- Try it -
Give the data back exactly. Leave out any images.
┌──
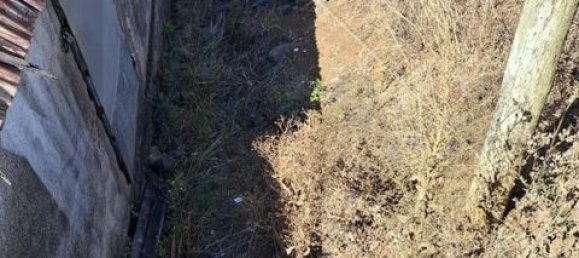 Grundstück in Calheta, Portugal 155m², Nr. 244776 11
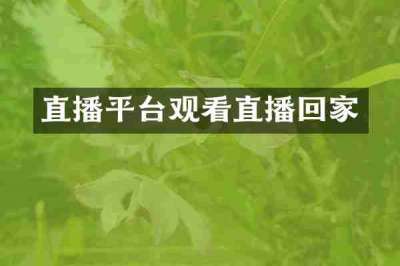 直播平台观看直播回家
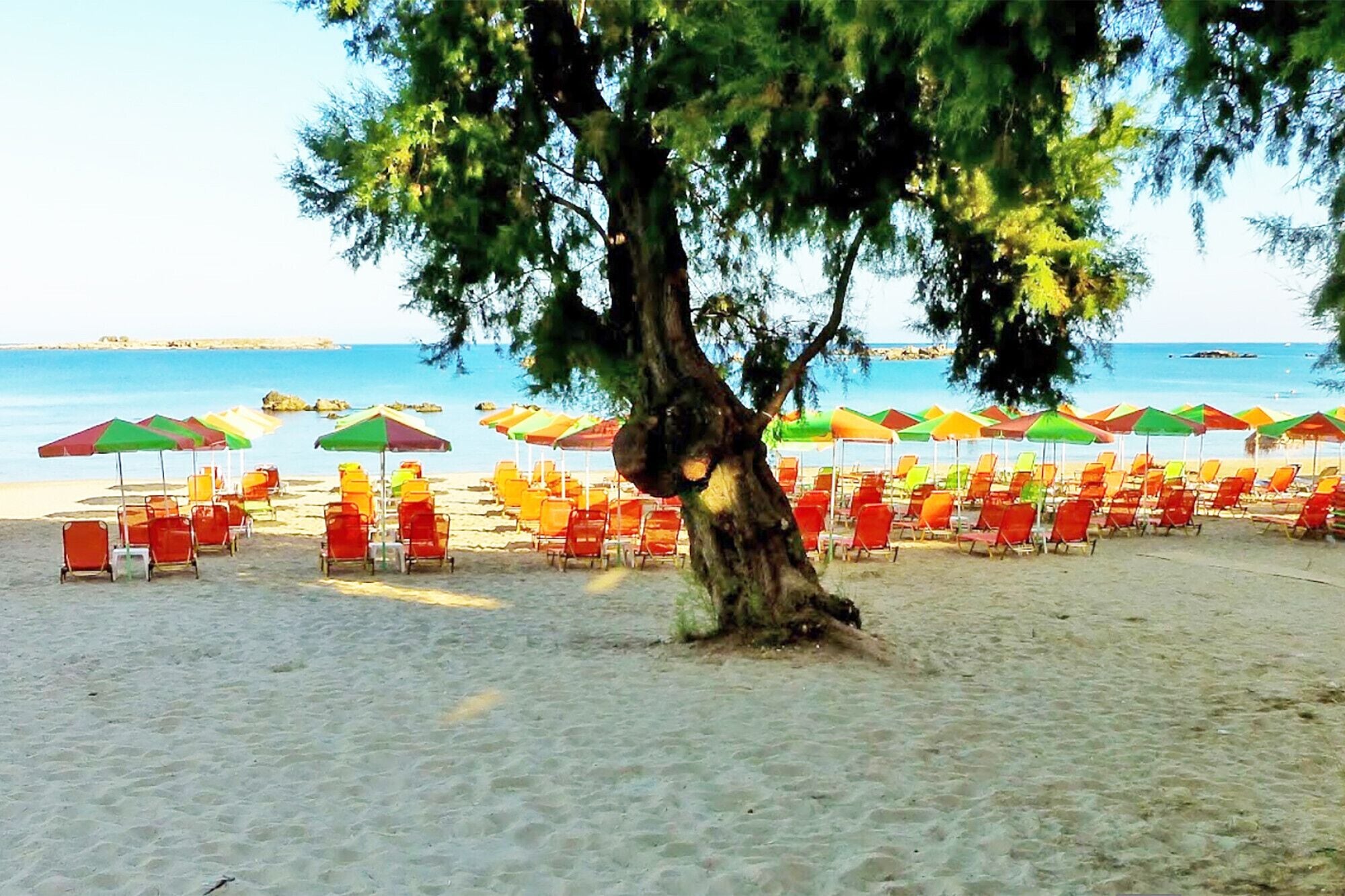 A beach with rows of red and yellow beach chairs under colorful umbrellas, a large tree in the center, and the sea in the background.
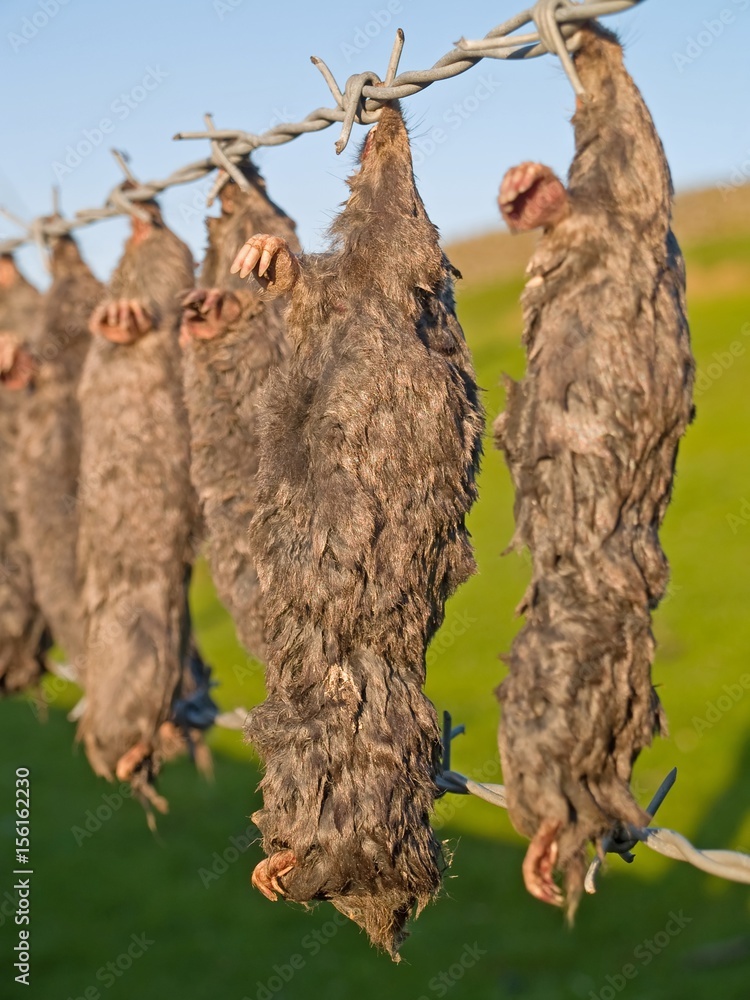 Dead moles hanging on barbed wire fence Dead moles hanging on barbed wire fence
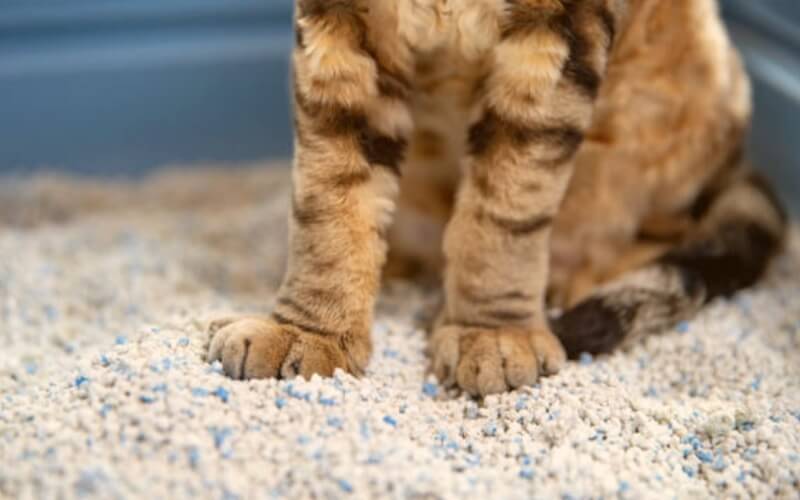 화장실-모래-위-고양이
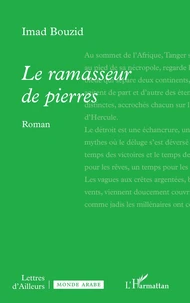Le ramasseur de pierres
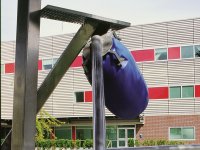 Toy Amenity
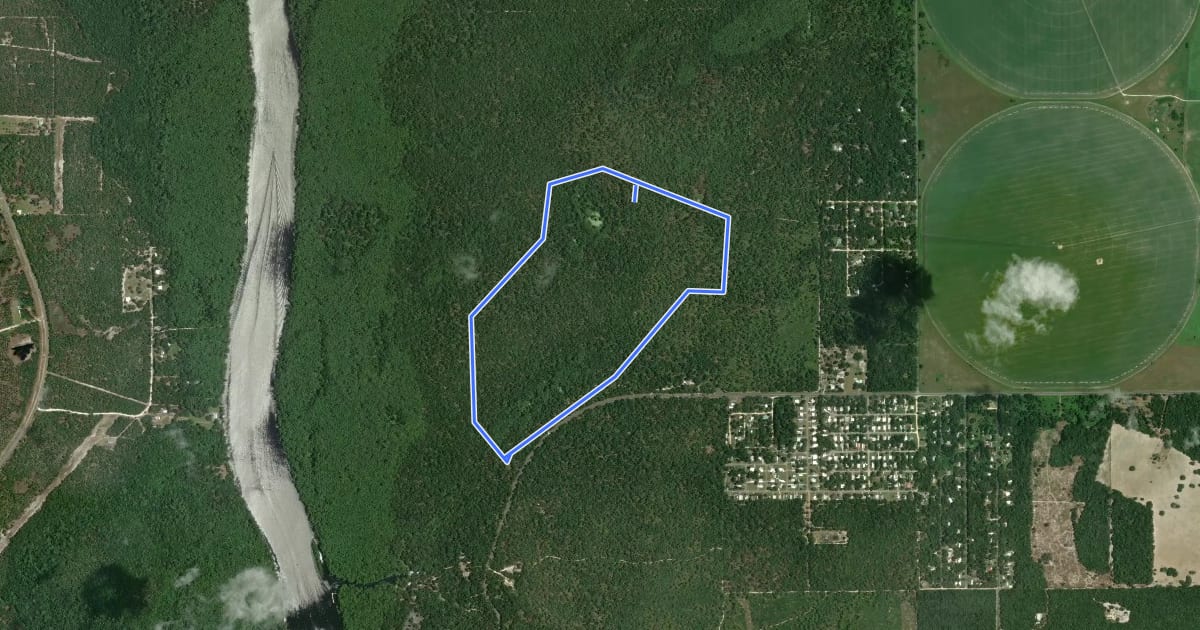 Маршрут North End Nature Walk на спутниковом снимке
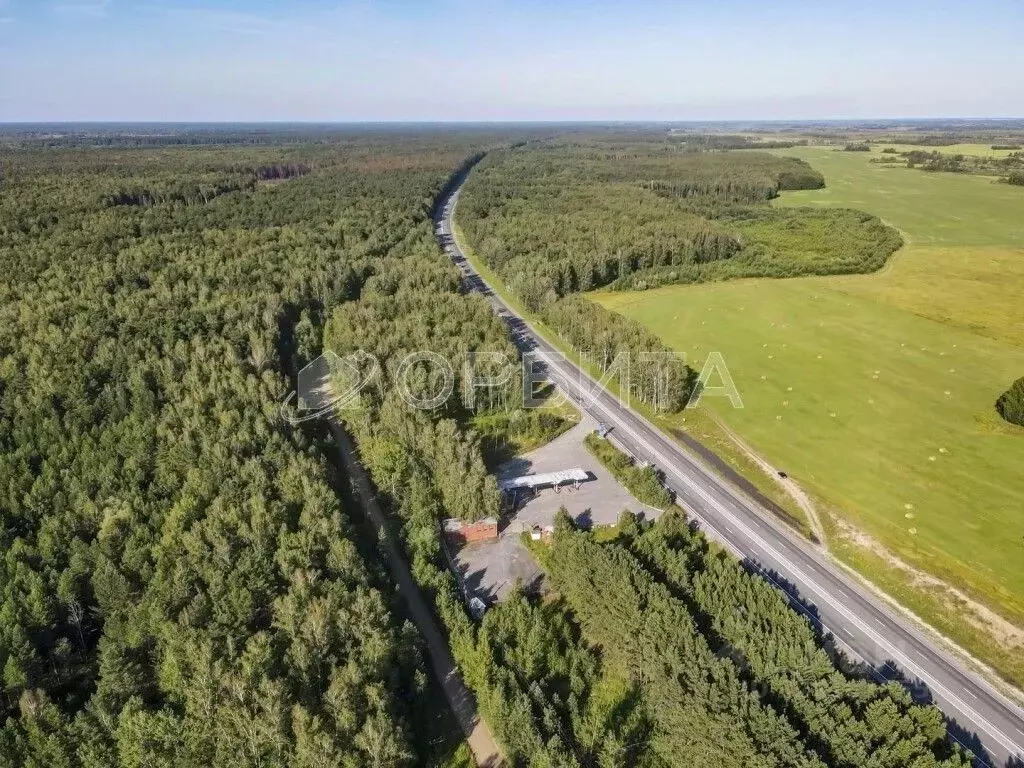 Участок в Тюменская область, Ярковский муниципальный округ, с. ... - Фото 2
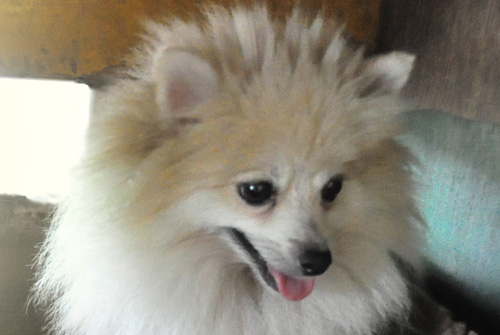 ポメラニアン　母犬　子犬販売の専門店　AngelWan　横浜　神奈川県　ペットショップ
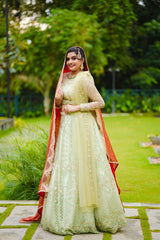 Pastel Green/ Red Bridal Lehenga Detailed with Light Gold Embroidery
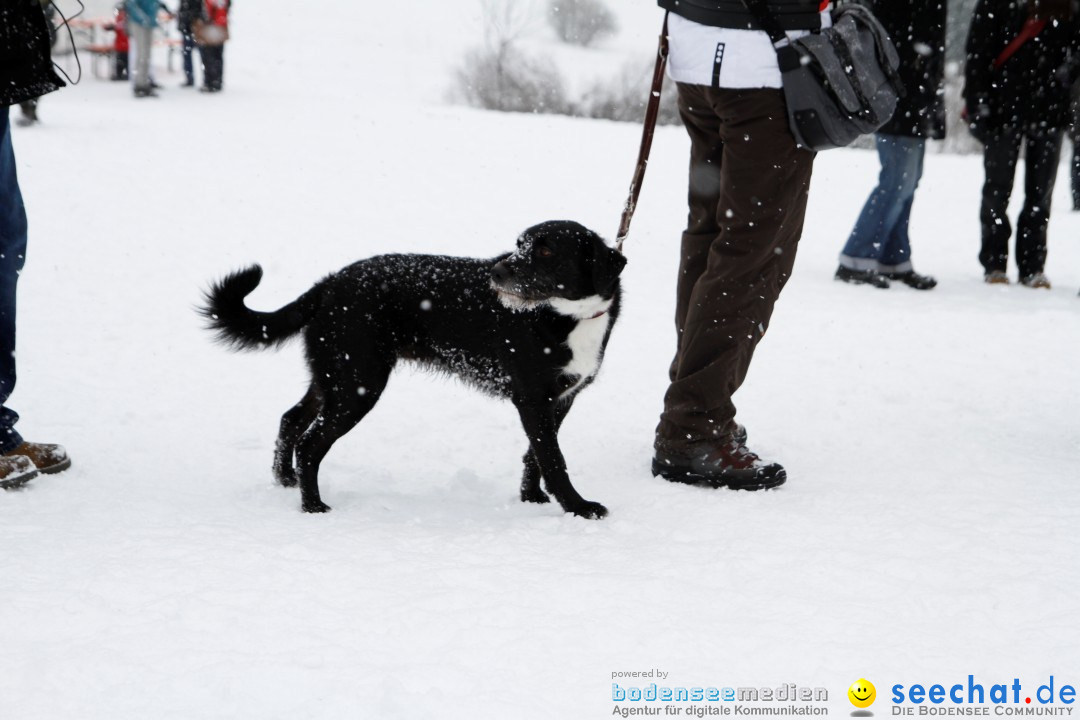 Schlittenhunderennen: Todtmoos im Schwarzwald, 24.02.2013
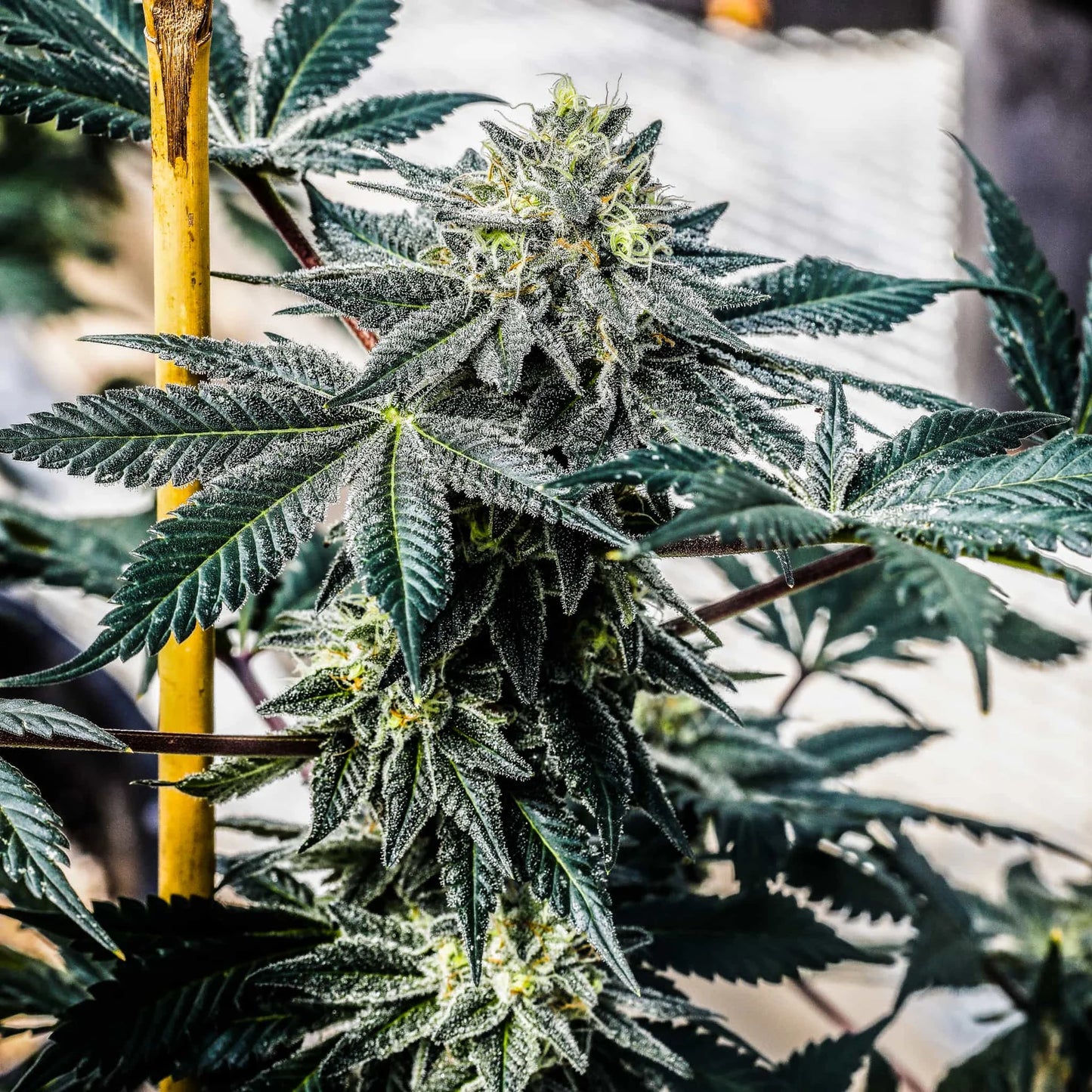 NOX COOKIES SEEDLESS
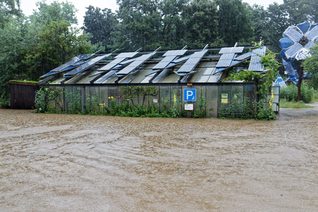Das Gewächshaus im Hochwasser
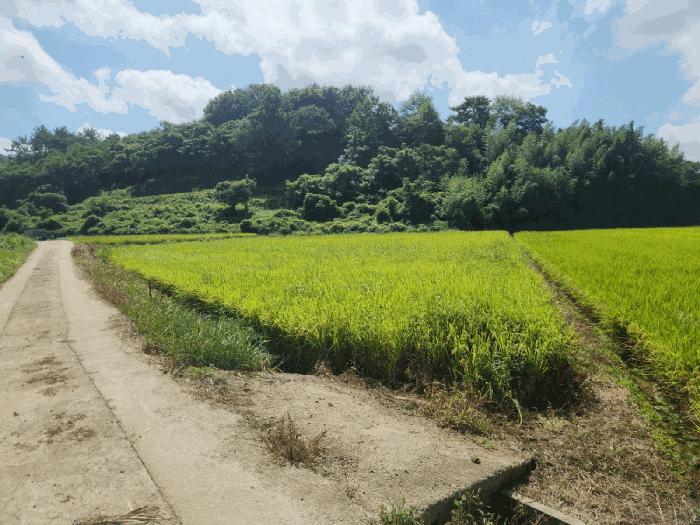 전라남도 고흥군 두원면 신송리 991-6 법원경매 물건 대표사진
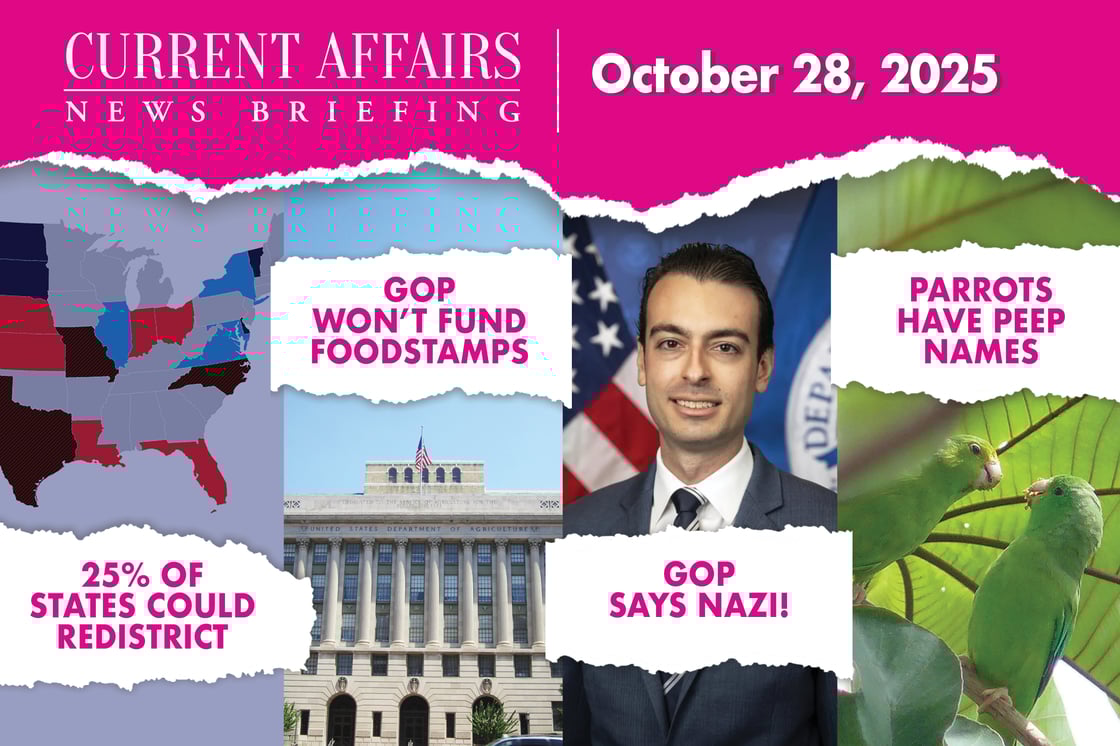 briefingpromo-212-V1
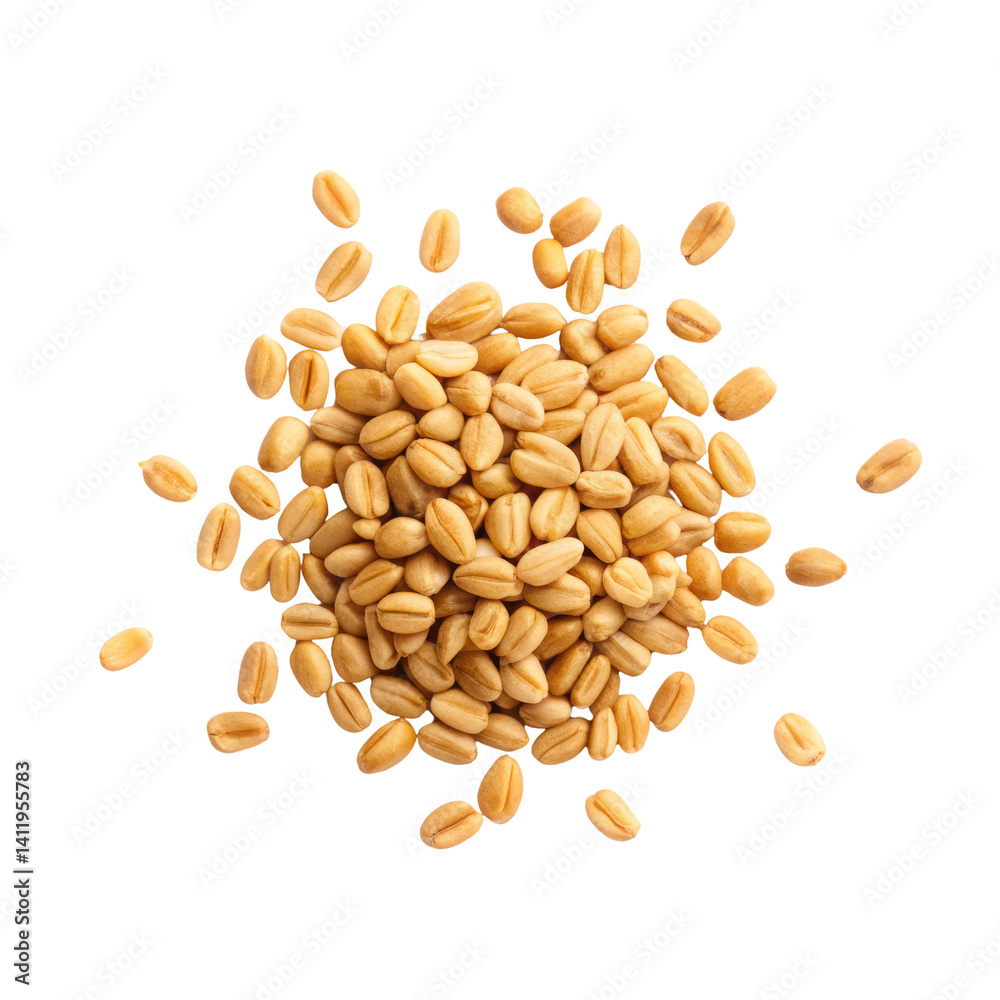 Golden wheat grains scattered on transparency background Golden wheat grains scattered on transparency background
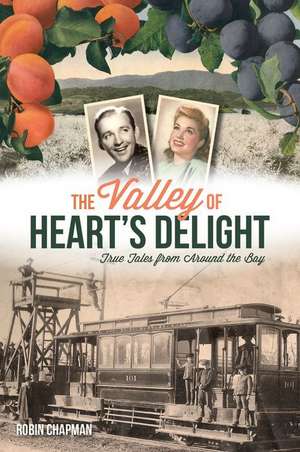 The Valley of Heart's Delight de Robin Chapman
└──
- Task answer -
 Grundstück in Calheta, Portugal 155m², Nr. 244776 11
 直播平台观看直播回家
 A beach with rows of red and yellow beach chairs under colorful umbrellas, a large tree in the center, and the sea in the background.
 Dead moles hanging on barbed wire fence Dead moles hanging on barbed wire fence
 화장실-모래-위-고양이
Le ramasseur de pierres
 Toy Amenity
 Маршрут North End Nature Walk на спутниковом снимке
 Участок в Тюменская область, Ярковский муниципальный округ, с. ... - Фото 2
 ポメラニアン　母犬　子犬販売の専門店　AngelWan　横浜　神奈川県　ペットショップ
 Pastel Green/ Red Bridal Lehenga Detailed with Light Gold Embroidery
 Schlittenhunderennen: Todtmoos im Schwarzwald, 24.02.2013
 NOX COOKIES SEEDLESS
Das Gewächshaus im Hochwasser
 전라남도 고흥군 두원면 신송리 991-6 법원경매 물건 대표사진
 briefingpromo-212-V1
 Golden wheat grains scattered on transparency background Golden wheat grains scattered on transparency background
 The Valley of Heart's Delight de Robin Chapman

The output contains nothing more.